The fundamental premise of Vision-Language-Action (VLA) models is to harness the extensive general capabilities of pre-trained Vision-Language Models (VLMs) for generalized embodied intelligence. However, standard robotic fine-tuning inevitably disrupts the pre-trained feature space, leading to "catastrophic forgetting" that compromises the general visual understanding we aim to leverage. To effectively utilize the uncorrupted general capabilities of VLMs for robotic tasks, we propose TwinBrainVLA, which coordinates two isomorphic VLM pathways: a frozen generalist (also called "Left Brain") and a trainable specialist (also called "Right Brain").

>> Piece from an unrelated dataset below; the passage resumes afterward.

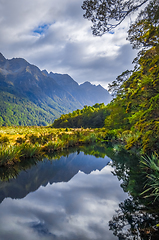 Image showing Lake in Fiordland national park, New Zealand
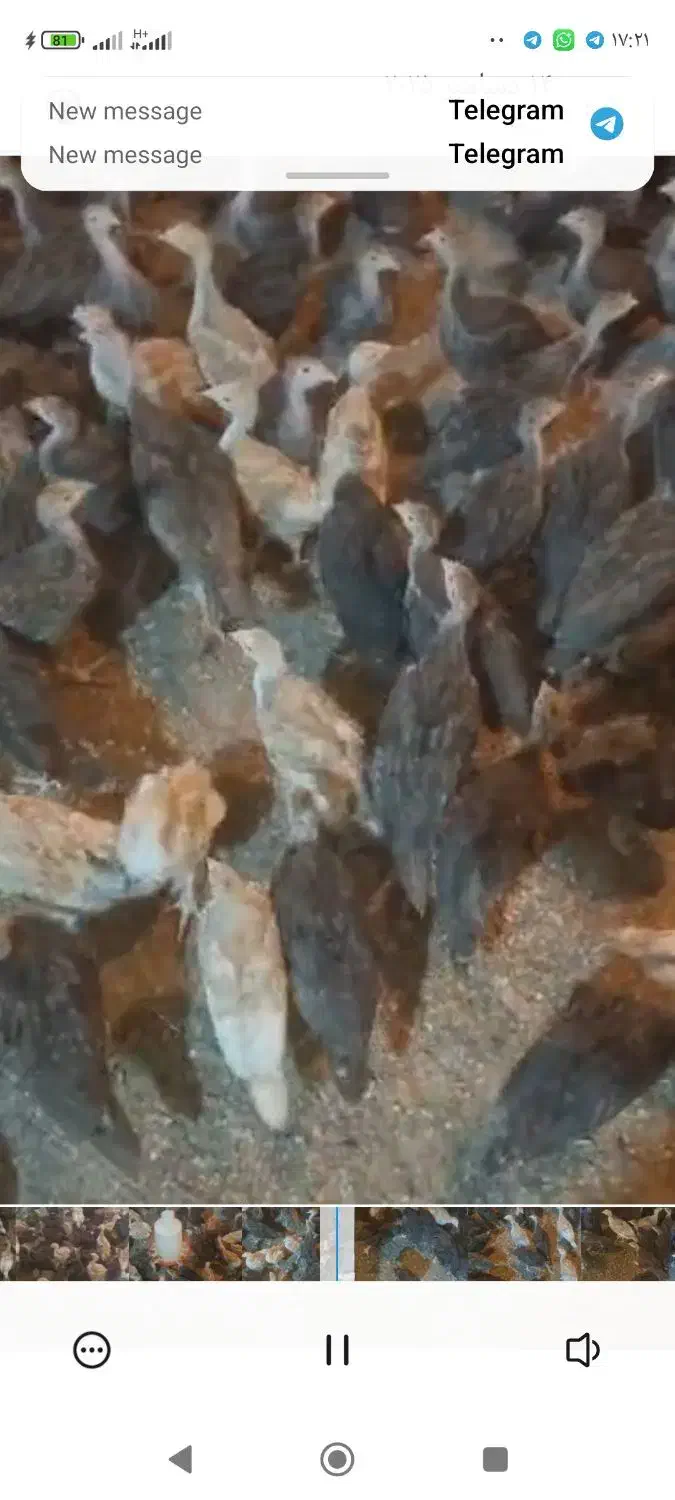 بوقلمون ۴۰روزه|حیوانات مزرعه|زند, |دیوار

Our architecture utilizes a Asymmetric Mixture-of-Transformers (AsyMoT) mechanism, enabling the Right Brain to dynamically query and fuse intact semantic knowledge from the Left Brain with proprioceptive states. This fused representation conditions a flow-matching action expert for precise continuous control. Empirical results on SimplerEnv and RoboCasa benchmarks demonstrate that by explicitly retaining general capabilities, TwinBrainVLA achieves substantial performance gains over baseline models in complex manipulation tasks.

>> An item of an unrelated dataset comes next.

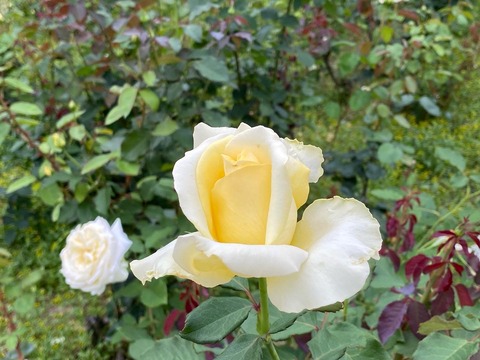 CB985A8F-2C74-4365-9FDF-62BEE89F0FAC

翻译：视觉-语言-动作模型的基本前提是利用预训练视觉-语言模型广泛的通用能力，实现泛化的具身智能。然而，标准的机器人微调不可避免地会破坏预训练的特征空间，导致"灾难性遗忘"，从而损害我们本欲利用的通用视觉理解能力。为了有效利用VLM未受损的通用能力完成机器人任务，我们提出了TwinBrainVLA，它协调两个同构的VLM通路：一个冻结的通用通路（亦称"左脑"）和一个可训练的专业通路（亦称"右脑"）。我们的架构采用非对称混合Transformer机制，使右脑能够动态查询左脑完整的语义知识，并将其与本体感知状态融合。这种融合表征用于调节一个流匹配动作专家，以实现精确的连续控制。在SimplerEnv和RoboCasa基准测试上的实证结果表明，通过显式保留通用能力，TwinBrainVLA在复杂操作任务中相比基线模型实现了显著的性能提升。